O mejor aún: ¿qué nuevo tipo de llamada cristiana se hace presente en la vida de quien es emplazado a desempeñar el ministerio de párroco?
Para ilustrar brevemente el título de la reflexión, partimos de una constatación que encontramos en la Escritura cuando muestra cómo las personas se ven sujetas a distintos tipos de llamadas. El caso más evidente es, tal vez, el de Pedro: mientras estaba echando las redes en el mar junto con su hermano, oye decir: “Venid detrás de mí y os haré pescadores de hombres” (cf. Mc 1,16). Más tarde, es designado entre los Doce “para enviarlos a predicar con el poder de expulsar a los demonios” (Mc 3,15). Al mismo Pedro se le dice: “Tú eres Pedro y sobre esta piedra edificaré mi Iglesia” (Mt 16,18). Y también a él, junto con los demás apóstoles, se dirigen estas palabras: “Id por todo el mundo y proclamad la Buena Noticia a toda criatura” (Mc 16,15).
Se trata de cuatro llamadas a las que corresponden cuatro tareas distintas: cada una de ellas atañe a la personalidad de Pedro y le llama a una nueva conversión.
Podemos apreciar algo parecido en la vida de Pablo.
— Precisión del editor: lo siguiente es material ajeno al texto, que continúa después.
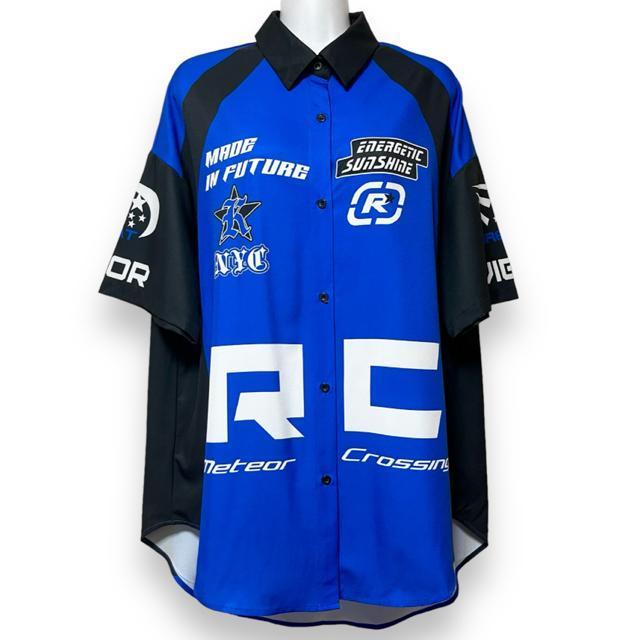 【新品/SHEIN/L】バイカラーレーシングシャツ/ブルー < 女性ファッション 【新品/SHEIN/L】バイカラーレーシングシャツ/ブルー < 女性ファッションの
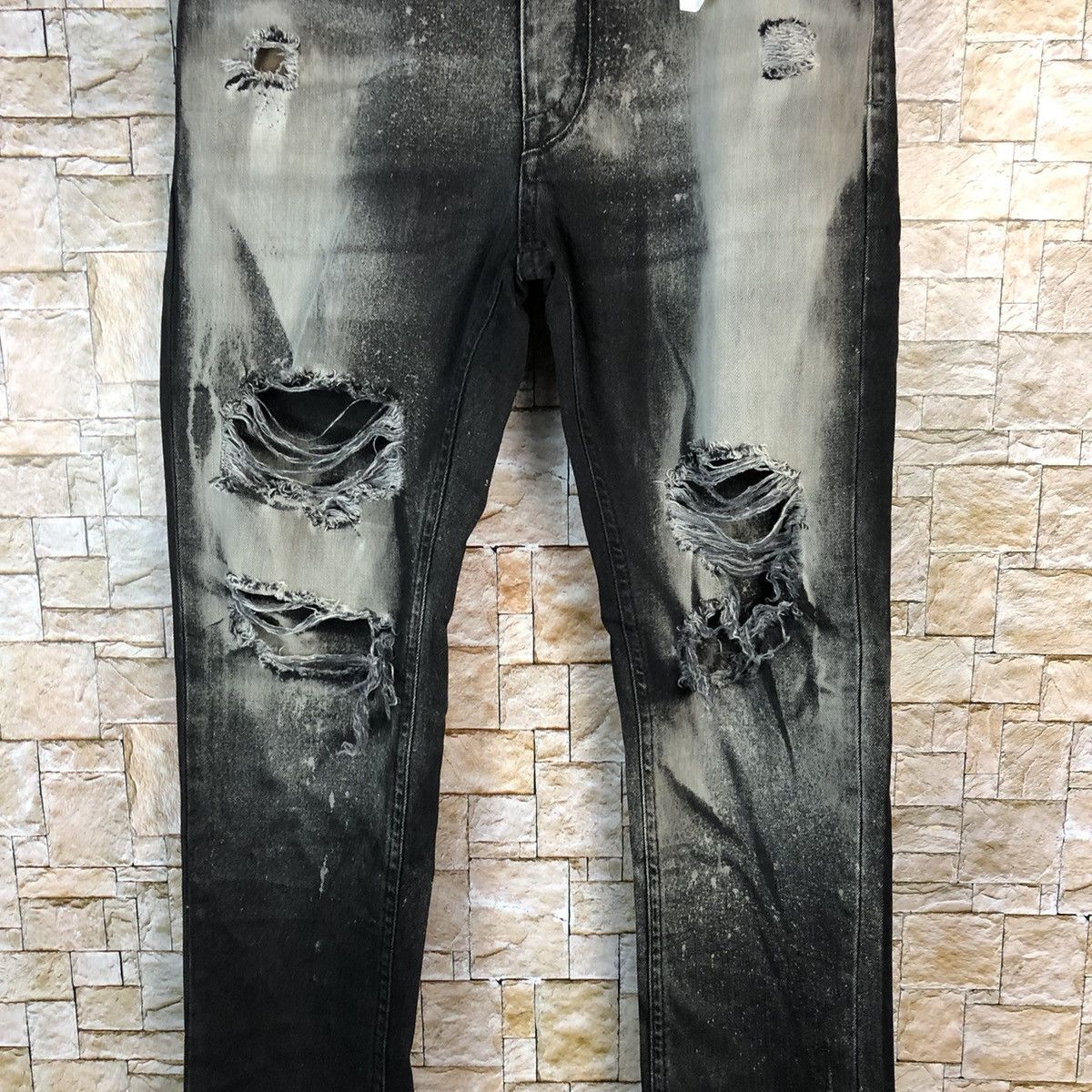 Japanese Brand Bershka Black faded ripped Distressed Denim Pants #A971 Size US 29 - 6 Thumbnail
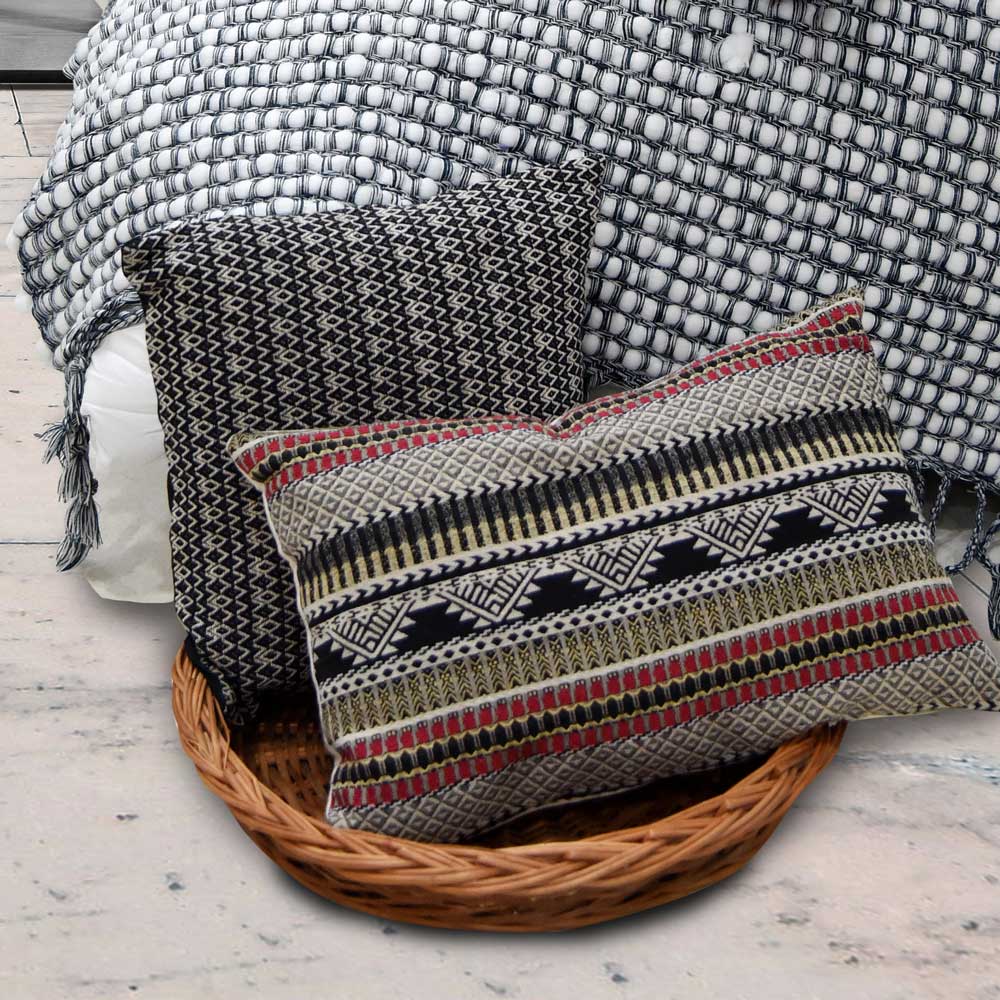 Designer Folk Geo Woven Sofa Chair Patio Decorative Cushion Cover with Zipper Closer 13x20…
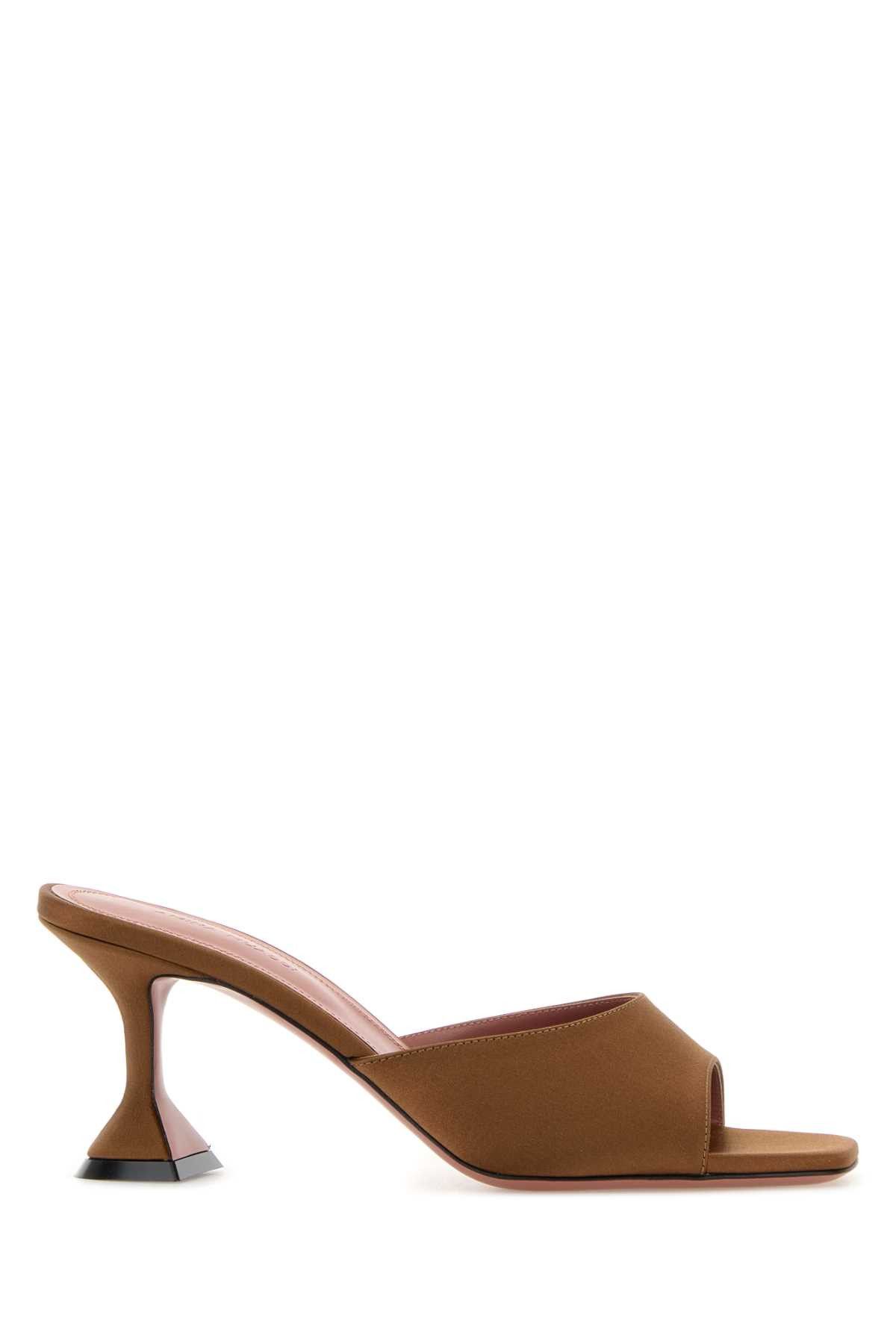 Amina Muaddi Brown Satin Lupita Mules Size US 7 / IT 37 - 1 Thumbnail
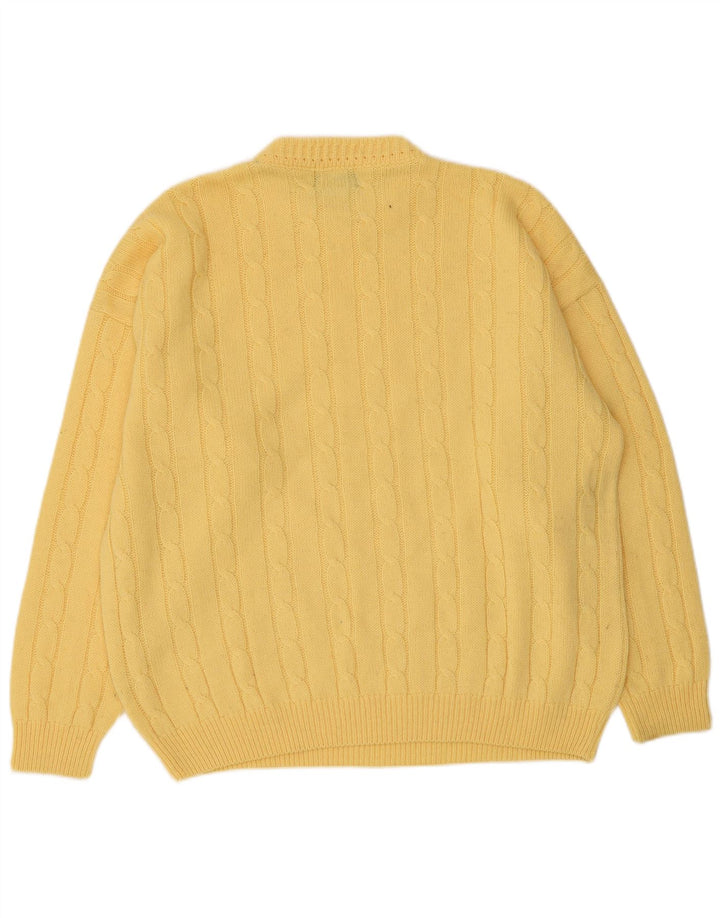Maglieria Herren-Pullover mit Rundhalsausschnitt, groß, gelbe Wolle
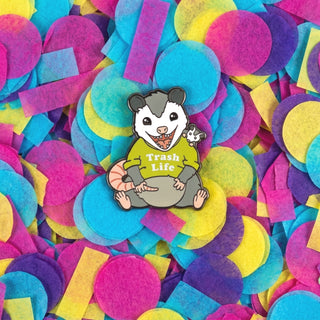 Trash Life Possum Pin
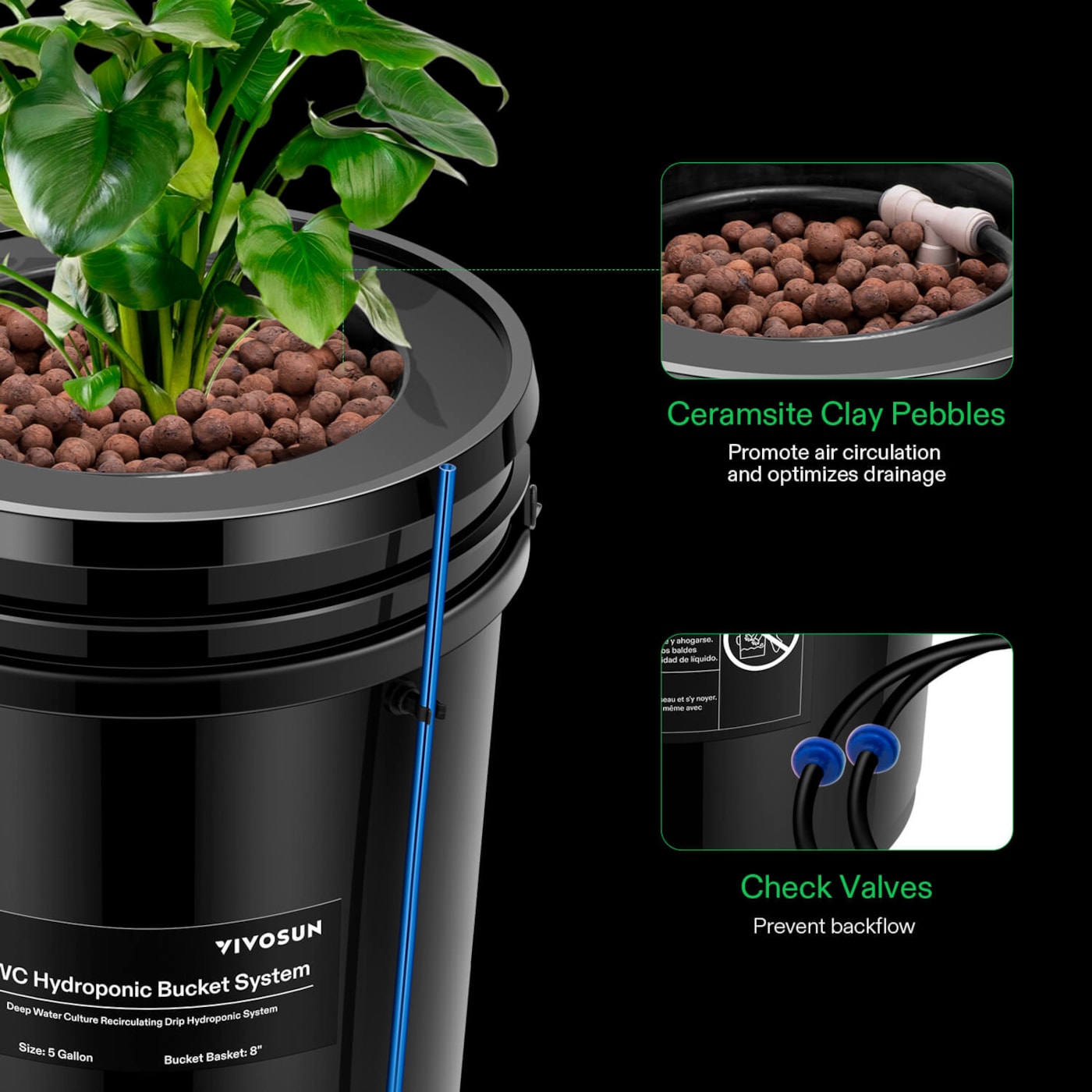 Vivosun 5 Gallon DWC Hydroponic System Kit (2 Bucket, Black)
Recibe su primera llamada y responde mostrando su primera disponibilidad (cf. Hch 9,5-6); en la comunidad de Antioquía es elegido para la misión, y esto significa una absoluta novedad para la vida del apóstol, incluso una conversión interior, un nuevo modo de situarse ante la vida (cf. Hch 13,2).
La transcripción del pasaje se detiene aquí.